- **Problem description**
Please repeat the listing exactly, with every line intact.

- **Records**
○ ○ ○
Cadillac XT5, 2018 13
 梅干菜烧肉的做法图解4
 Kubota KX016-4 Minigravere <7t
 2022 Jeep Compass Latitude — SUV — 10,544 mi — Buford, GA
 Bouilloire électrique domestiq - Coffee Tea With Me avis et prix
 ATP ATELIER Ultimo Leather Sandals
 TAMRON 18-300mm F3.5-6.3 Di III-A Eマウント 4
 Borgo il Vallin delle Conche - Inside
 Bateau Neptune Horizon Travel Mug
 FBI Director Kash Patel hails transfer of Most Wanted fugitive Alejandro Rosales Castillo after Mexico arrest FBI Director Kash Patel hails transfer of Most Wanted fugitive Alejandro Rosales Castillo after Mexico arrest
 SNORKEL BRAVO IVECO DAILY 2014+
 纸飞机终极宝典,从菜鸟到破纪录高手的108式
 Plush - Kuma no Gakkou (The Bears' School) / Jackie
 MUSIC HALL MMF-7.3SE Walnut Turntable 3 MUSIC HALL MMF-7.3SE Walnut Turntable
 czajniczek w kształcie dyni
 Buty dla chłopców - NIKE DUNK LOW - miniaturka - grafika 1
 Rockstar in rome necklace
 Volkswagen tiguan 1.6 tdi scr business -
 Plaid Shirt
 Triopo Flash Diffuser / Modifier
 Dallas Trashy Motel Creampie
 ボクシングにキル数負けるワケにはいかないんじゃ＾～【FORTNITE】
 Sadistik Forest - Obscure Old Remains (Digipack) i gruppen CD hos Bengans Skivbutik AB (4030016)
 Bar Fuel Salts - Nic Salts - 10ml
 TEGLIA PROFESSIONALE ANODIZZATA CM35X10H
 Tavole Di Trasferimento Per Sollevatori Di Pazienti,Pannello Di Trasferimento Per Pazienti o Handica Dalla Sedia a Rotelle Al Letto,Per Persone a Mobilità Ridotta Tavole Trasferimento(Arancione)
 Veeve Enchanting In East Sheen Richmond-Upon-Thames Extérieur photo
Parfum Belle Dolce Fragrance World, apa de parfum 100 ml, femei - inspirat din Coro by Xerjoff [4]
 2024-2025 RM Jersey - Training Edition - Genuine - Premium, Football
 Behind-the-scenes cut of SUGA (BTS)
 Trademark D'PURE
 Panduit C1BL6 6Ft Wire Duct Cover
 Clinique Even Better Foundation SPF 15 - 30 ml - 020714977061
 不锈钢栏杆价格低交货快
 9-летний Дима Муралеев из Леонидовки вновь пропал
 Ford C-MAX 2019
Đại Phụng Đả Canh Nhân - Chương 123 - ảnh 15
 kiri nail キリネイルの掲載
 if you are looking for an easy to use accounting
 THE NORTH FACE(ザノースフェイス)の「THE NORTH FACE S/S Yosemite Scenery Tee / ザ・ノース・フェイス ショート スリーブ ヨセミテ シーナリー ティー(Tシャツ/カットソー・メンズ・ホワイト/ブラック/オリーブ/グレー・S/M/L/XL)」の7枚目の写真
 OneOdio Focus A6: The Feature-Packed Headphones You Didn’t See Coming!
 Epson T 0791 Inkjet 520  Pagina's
○ ○ ○
- **Response for this exercise**
Cadillac XT5, 2018 13
 梅干菜烧肉的做法图解4
 Kubota KX016-4 Minigravere <7t
 2022 Jeep Compass Latitude — SUV — 10,544 mi — Buford, GA
 Bouilloire électrique domestiq - Coffee Tea With Me avis et prix
 ATP ATELIER Ultimo Leather Sandals
 TAMRON 18-300mm F3.5-6.3 Di III-A Eマウント 4
 Borgo il Vallin delle Conche - Inside
 Bateau Neptune Horizon Travel Mug
 FBI Director Kash Patel hails transfer of Most Wanted fugitive Alejandro Rosales Castillo after Mexico arrest FBI Director Kash Patel hails transfer of Most Wanted fugitive Alejandro Rosales Castillo after Mexico arrest
 SNORKEL BRAVO IVECO DAILY 2014+
 纸飞机终极宝典,从菜鸟到破纪录高手的108式
 Plush - Kuma no Gakkou (The Bears' School) / Jackie
 MUSIC HALL MMF-7.3SE Walnut Turntable 3 MUSIC HALL MMF-7.3SE Walnut Turntable
 czajniczek w kształcie dyni
 Buty dla chłopców - NIKE DUNK LOW - miniaturka - grafika 1
 Rockstar in rome necklace
 Volkswagen tiguan 1.6 tdi scr business -
 Plaid Shirt
 Triopo Flash Diffuser / Modifier
 Dallas Trashy Motel Creampie
 ボクシングにキル数負けるワケにはいかないんじゃ＾～【FORTNITE】
 Sadistik Forest - Obscure Old Remains (Digipack) i gruppen CD hos Bengans Skivbutik AB (4030016)
 Bar Fuel Salts - Nic Salts - 10ml
 TEGLIA PROFESSIONALE ANODIZZATA CM35X10H
 Tavole Di Trasferimento Per Sollevatori Di Pazienti,Pannello Di Trasferimento Per Pazienti o Handica Dalla Sedia a Rotelle Al Letto,Per Persone a Mobilità Ridotta Tavole Trasferimento(Arancione)
 Veeve Enchanting In East Sheen Richmond-Upon-Thames Extérieur photo
Parfum Belle Dolce Fragrance World, apa de parfum 100 ml, femei - inspirat din Coro by Xerjoff [4]
 2024-2025 RM Jersey - Training Edition - Genuine - Premium, Football
 Behind-the-scenes cut of SUGA (BTS)
 Trademark D'PURE
 Panduit C1BL6 6Ft Wire Duct Cover
 Clinique Even Better Foundation SPF 15 - 30 ml - 020714977061
 不锈钢栏杆价格低交货快
 9-летний Дима Муралеев из Леонидовки вновь пропал
 Ford C-MAX 2019
Đại Phụng Đả Canh Nhân - Chương 123 - ảnh 15
 kiri nail キリネイルの掲載
 if you are looking for an easy to use accounting
 THE NORTH FACE(ザノースフェイス)の「THE NORTH FACE S/S Yosemite Scenery Tee / ザ・ノース・フェイス ショート スリーブ ヨセミテ シーナリー ティー(Tシャツ/カットソー・メンズ・ホワイト/ブラック/オリーブ/グレー・S/M/L/XL)」の7枚目の写真
 OneOdio Focus A6: The Feature-Packed Headphones You Didn’t See Coming!
 Epson T 0791 Inkjet 520  Pagina's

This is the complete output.